Is it possible to change/suggest/hint different blob/pack file sizes?

ljwobker · January 2, 2018, 12:30am

I found the design doc (which is really good, thank you for THAT) as well as these sections:

There may be an arbitrary number of index files, containing information on non-disjoint sets of Packs. The number of packs described in a single file is chosen so that the file size is kept below 8 MiB.

Files smaller than 512 KiB are not split, Blobs are of 512 KiB to 8 MiB in size. The implementation aims for 1 MiB Blob size on average.

So first, my apologies as I’ve never done anything in go and don’t have particular coding skill in any other language, either… so while I’ve tried to scan the code a little this is out of my depth. Also let me make it clear that I’m not complaining or asking for any changes, I’m mostly just curious how it works.

Question 1: I’ve run a backup where the source data is ~647GB in size and ~94k unique files on the source file system. Backed up to B2, it’s 661GB and 128k files. This translates to roughly 5.1MB per “file” on the backend… which is very different than the “aims for 1MiB” mentioned in the docs. What might be causing this?

Question 2: is there a way to change, control, or hint to the system that you’d like the blobs to target a different size? I have a number of filesystems where the average file size is extremely small, but I also have quite a few where the average filesize is quite large and very static: these are video and/or image files where there are virtually never any “slight” changes to the files… they’re 50MB and they either stay that way forever, or if they are changed (i.e. transcoded) they’re edited in such a way that the entire file changes (i.e. content defined chunking as described here doesn’t help)

Again, I’m mostly just curious how this works and what things we do and do not have control over, rather than complaining about anything that actually matters.

fd0 · January 2, 2018, 7:29pm

Hey, thanks for your interest in the restic foundations!

The mentioned size in the docs is the size per blob, the files in the repo are actually so-called “pack files” which bundle more than one blob together.
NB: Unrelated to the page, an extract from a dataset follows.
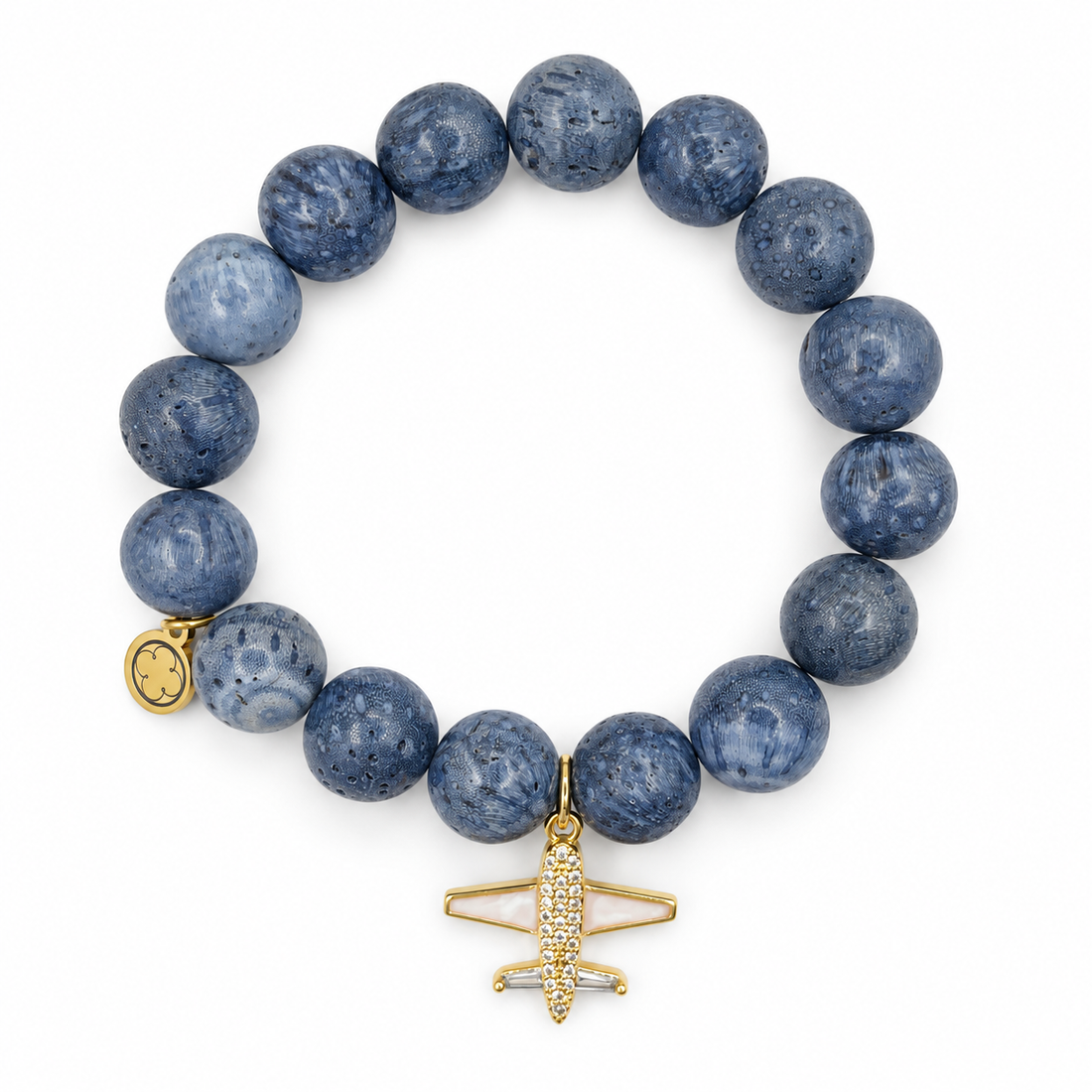 Blue Sponge Coral with Gold Pavé Airplane on white studio background
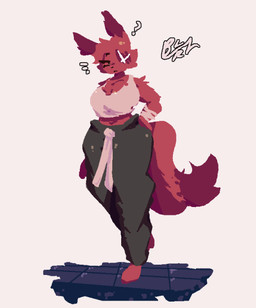 anthro barefoot belt bottomwear breasts cheek_tuft clothed clothing facial_scar facial_tuft featureless_feet feet female hair mature_female pants question_mark red_body scar short_hair simple_background solo tail topwear torn_clothing torn_topwear tuft bluebriararts rain_world videocult artificer_(rain_world) slugcat absurd_res digital_media_(artwork) hi_res pixel_(artwork)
Sometimes a pack file contains several thousand blobs. A blob is a part of a file, after Content Defined Chunking (CDC) was run.

No, that’s not possible right now. The limits are at the moment hard coded into the chunker library. We may expose this at some point, but no plains exist for that to be user configurable. I can understand where you’re coming from, and I think restic will handle the situation well with the current size limits, even for such large static files.

I’m glad you’re asking

ljwobker · January 5, 2018, 9:31pm

Ah - ok… I found the chunker library and specifically where these are set… so are you saying that if I manually mangled the chunker min/max sizes this would flow through to the pack file sizes? Sorry if this is a dense question, I think the hierarchy is:

the chunker looks at chunks of a file, computes the rolling hash, and eventually spits out blobs. Then <<something?>> takes those blobs and combines them into pack files. Then we store the pack files in the repo… ?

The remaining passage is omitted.